YouTube and Catch-up TV
With YouTube receiving over 30 million visitors per day, there is no question it’s a powerful tool for branding and marketing. However, unlike Facebook and other forms of advertising, you only pay for a view if the user passes the 30-second mark or watches the entire video. There are a few ways you can advertise through YouTube:
- Non-skippable ads
- YouTube display ads
- YouTube overlay ads
- YouTube mid-roll ads
- YouTube sponsored cards
If you’re ready to start building a brand through YouTube or Catch-up TV (CTV) there are certain considerations you need to take into account:
- You’ll need to test different ad formats to find the most effective for your brand
- Always transcribe your ads to upload with your video. This helps Google rank your content for the right topics
- You’ll need to find creative ways to include subscribe buttons and CTAs
- Like Facebook, YouTube has a tool for advertisers to find and target a highly relevant audience
The biggest consideration for YouTube and CTV advertising is that in general, people don’t like it when something interrupts their viewing experience. This means that more so than any other form of advertising, you need to make sure your ad provides value to your audience. This can be difficult to pull off if you don’t have a lot of experience.
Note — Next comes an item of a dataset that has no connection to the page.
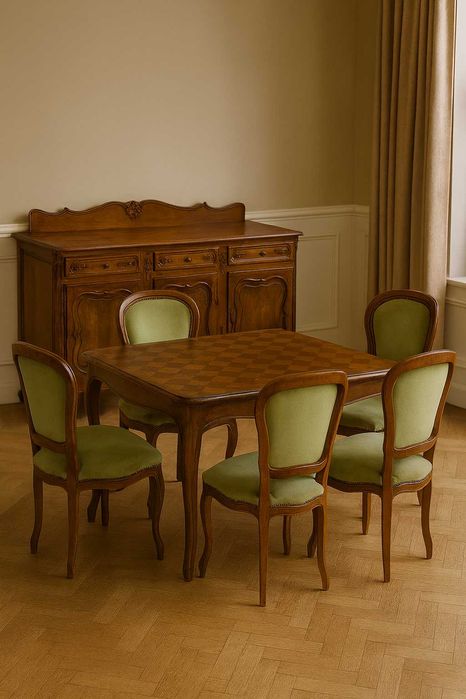 Drewniana szafa po renowacji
But content like short instructional videos, highly polished production or humour can all help to engage an audience rather than turning them off your brand.
If you can get YouTube or CTV advertising right, the payoff can be worth your effort. YouTube is the world’s second largest search engine with over 1 billion hours of YouTube video content consumed each day. In the third quarter of 2020 alone, YouTube generated over $5 billion in revenue for its advertisers.
Building a profitable Shopify store isn’t as simple as choosing some great products and hoping they’ll sell. But with the right strategy, a strong brand and a proactive approach to promotions, you too can find success in a global ecommerce industry that’s set to hit a staggering $4.97 trillion by the end of 2021.